Et puis, on sourit légèrement lorsque la «raison d’Etat» est présentée comme une zone d’ombre inévitable et acceptable dans les seuls régimes démocratiques. En quoi l’élimination des ennemis des présidents français est-elle plus légitime que celle des adversaires de Vladimir Poutine ou de Kim Jong-un? En réalité, les grandes puissances occidentales (les Américains et les Anglais sont probablement très en avance sur les Français) font exactement ce qu’elles condamnent avec fermeté chez leurs adversaires. (On parle ici d’assassinats politiques, mais on pourrait en dire autant en matière de crimes de guerre.) La seule différence est que, comme on le sait, «les nôtres» agissent pour le Bien cependant que «les autres» sont au service du Mal.
Ces reportages sur les «tueurs de la République» ont le mérite de mettre en évidence des attitudes très différentes au cours de ces dernières décennies.

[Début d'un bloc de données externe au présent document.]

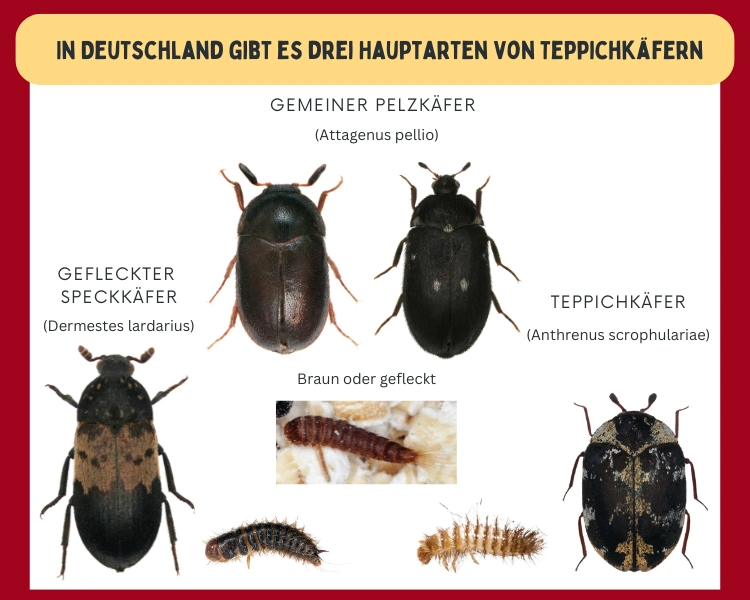 teppichkäfer arten in deutschland und deren larven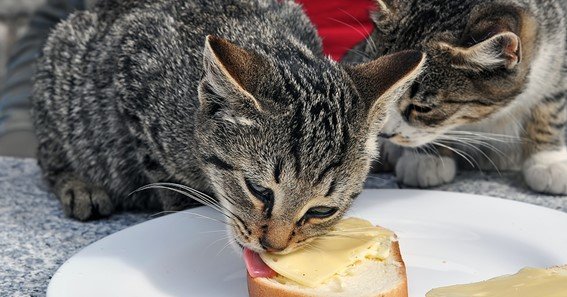 can kittens eat cheese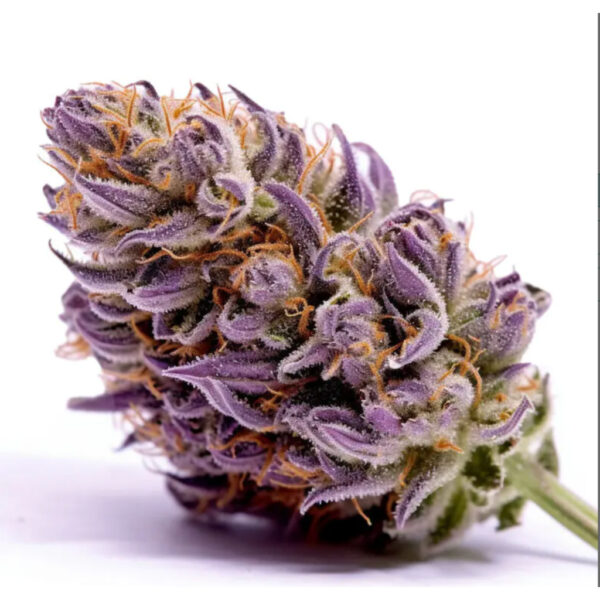 เมล็ดกัญชา Purple Punch (Fem) - Seeds Genetics.Co - Image 6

On apprend que Jacques Chirac, dont on s’est beaucoup moqué, mais qui a sans doute été le dernier véritable chef d’Etat français, était défavorable aux assassinats politiques, par principe, mais aussi par méfiance envers les manipulations, erreurs ou ratages de ses services secrets; et également par une volonté toute gaullienne de se démarquer de la politique américaine et des morts qu’elle laisse dans son sillage. A l’opposé, Nicolas Sarkozy se comportera ensuite comme un pion de Washington (ce qui rend d’autant plus louables ses récentes déclarations sur la Russie, si tant est qu’elles soient sincères). Quant à François Hollande, dit Flamby, avec son air de petit notable de province besogneux et craintif, on le découvre paradoxalement en enragé du dézingage à tout va, alignant un tableau de chasse à faire pâlir un tueur en série.
On n’imagine guère cela en Suisse. Bien sûr, on ne peut pas exclure qu’il y ait eu une fois ou l’autre un petit «accident»; mais dans un petit pays doté d’une structure fédérale, avec un pouvoir réparti entre vingt-six cantons et une présidence de la Confédération réduite à sa plus simple expression, le risque est faible. Et les journalistes qui adorent critiquer la complexité helvétique feraient bien de se demander si, tout compte fait, ils n’y vivent pas plus en sécurité que dans un beau grand Etat centralisé où le sommet du pouvoir élimine qui il veut, discrètement et à discrétion.